Por Jorge Raventos.-

“El Frente para la Victoria no existe más”. La sentencia pertenece a Jorge Landau, el apoderado del Partido Justicialista, quien abundó: “Cuando pasan los comicios las alianzas se disuelven, son uniones transitorias para competir en las elecciones”.

Más que anunciar una defunción, la frase testimonia un divorcio en marcha: el peronismo se separa del kirchnerismo. La causa del distanciamiento no es que la elección haya pasado (Cambiemos, que sostuvo a Macri, no se disolvió), sino que se haya perdido. El peronismo responsabiliza por la derrota a la señora de Kirchner y a su falange de seguidores más acérrimos, cuyo eje es el camporismo sumado a la izquierda residual que se asiló en el FPV. La Señora había dicho que no le interesaba involucrarse en la discusión interna del PJ, pero que se sentía conductora del Frente para la Victoria. Eso no existe más, le avisa Landau. Traducción: la Señora, con todo respeto, no conduce nada.

Los hechos son más elocuentes que las frases del apoderado. Alivianado de la mochila kirchnerista por efecto de la victoria de Mauricio Macri, el peronismo reflexiona alborotadamente sobre su futuro. Busca un rumbo y una conducción legítima y eficaz.
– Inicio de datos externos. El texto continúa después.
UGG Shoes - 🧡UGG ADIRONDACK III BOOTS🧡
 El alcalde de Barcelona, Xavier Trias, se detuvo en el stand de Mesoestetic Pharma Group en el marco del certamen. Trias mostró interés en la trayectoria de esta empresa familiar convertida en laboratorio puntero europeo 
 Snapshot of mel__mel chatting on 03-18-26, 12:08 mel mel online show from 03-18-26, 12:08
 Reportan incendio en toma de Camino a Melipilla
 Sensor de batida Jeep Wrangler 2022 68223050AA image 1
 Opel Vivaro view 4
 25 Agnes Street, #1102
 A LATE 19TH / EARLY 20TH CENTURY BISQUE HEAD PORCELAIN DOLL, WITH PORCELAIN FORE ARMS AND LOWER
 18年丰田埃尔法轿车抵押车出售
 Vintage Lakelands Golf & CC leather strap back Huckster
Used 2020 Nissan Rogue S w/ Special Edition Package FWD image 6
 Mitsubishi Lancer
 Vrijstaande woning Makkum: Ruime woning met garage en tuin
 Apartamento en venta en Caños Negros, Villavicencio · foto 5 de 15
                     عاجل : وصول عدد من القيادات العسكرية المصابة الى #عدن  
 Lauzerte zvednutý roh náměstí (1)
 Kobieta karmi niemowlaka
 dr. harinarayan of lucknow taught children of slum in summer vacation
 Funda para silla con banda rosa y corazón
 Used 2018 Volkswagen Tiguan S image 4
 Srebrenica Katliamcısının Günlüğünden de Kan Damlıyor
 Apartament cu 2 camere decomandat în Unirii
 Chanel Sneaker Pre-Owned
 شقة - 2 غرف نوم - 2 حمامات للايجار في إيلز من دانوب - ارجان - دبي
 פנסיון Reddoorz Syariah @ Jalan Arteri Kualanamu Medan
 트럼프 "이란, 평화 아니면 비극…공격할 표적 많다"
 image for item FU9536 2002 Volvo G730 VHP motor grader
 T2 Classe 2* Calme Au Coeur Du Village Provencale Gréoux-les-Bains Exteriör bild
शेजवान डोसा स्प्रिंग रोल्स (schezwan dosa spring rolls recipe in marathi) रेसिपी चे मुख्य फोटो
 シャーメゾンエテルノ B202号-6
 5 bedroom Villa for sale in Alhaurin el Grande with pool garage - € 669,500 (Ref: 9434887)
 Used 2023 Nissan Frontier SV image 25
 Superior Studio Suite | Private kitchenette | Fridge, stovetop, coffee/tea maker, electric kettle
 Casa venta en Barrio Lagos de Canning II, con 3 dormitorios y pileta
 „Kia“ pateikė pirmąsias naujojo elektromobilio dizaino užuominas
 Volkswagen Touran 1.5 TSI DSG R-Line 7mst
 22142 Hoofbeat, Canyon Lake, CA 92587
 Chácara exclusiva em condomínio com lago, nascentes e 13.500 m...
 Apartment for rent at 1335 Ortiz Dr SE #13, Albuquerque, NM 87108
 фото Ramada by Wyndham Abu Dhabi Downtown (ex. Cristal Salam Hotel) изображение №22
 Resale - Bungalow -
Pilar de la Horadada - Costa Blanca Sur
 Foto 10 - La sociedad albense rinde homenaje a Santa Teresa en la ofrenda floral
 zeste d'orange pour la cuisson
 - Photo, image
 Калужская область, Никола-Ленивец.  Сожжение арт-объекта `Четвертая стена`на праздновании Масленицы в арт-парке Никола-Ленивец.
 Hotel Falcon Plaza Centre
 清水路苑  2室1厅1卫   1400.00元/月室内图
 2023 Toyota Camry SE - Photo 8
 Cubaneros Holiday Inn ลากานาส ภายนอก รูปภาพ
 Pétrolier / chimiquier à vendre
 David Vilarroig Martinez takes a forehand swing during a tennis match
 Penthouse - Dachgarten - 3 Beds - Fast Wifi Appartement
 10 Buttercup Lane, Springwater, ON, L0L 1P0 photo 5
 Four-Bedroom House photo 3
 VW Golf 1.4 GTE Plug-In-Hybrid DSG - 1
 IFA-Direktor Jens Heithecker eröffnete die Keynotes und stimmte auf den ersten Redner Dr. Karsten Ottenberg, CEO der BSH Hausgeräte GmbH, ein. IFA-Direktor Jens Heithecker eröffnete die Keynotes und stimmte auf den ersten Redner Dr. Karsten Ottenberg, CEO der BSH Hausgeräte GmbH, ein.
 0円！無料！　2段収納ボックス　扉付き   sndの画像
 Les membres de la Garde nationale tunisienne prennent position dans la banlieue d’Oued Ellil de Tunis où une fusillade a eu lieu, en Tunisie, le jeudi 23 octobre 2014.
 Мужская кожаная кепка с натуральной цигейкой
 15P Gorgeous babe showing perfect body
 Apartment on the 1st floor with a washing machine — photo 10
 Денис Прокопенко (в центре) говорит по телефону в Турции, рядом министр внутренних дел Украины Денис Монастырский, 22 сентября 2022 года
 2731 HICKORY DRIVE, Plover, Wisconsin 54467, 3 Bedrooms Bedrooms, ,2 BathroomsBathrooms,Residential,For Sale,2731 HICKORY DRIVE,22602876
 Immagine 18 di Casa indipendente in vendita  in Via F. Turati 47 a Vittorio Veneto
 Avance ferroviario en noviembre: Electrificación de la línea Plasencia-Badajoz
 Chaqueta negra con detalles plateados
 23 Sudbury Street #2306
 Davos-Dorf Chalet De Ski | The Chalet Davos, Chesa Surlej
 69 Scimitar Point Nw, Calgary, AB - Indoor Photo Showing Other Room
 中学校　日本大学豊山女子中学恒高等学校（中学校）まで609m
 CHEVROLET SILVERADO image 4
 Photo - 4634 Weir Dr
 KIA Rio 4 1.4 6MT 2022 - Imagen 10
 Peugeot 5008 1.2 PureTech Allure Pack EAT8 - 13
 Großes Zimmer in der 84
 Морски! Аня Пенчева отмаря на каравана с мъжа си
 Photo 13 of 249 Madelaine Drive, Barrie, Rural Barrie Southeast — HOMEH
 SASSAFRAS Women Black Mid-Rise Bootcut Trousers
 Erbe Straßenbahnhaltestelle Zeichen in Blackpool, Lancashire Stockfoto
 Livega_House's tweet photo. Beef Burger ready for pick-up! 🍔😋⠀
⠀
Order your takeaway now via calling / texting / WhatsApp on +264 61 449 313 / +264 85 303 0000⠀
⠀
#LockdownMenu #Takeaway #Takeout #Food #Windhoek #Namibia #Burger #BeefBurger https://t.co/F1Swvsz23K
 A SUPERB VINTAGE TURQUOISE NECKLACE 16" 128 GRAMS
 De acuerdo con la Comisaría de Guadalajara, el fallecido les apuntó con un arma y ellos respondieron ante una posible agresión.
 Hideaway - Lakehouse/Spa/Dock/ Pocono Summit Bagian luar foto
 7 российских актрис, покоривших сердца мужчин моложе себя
Lo hace, en principio, desde distintos centros aunque regido por una lógica principal: recuperar unidad, fuerza y competitividad electoral sin perder de vista que el eje del poder nacional se ha trasladado, por obra de la voluntad ciudadana, a otras manos.

El apoyo crítico (“oposición racional y constructiva”) al gobierno, un posicionamiento en el que hicieron vanguardia Sergio Massa y José Manuel de la Sota, va paulatinamente prevaleciendo como línea general del peronismo para la etapa. “Tengo una mirada crítica sobre algunas acciones del Gobierno, pero hay que esperar el efecto de las medidas y ver qué análisis hace la sociedad. No pasaron dos años”, advirtió el miércoles, en la reunión del Consejo partidario, el jefe del bloque de senadores, Miguel Pichetto. Y chuceó al kirchnerismo nostálgico y apresurado: “Algunos parece que quieren prender fuego la pradera rápido. ¡Creen que están en una etapa preinsurreccional!”.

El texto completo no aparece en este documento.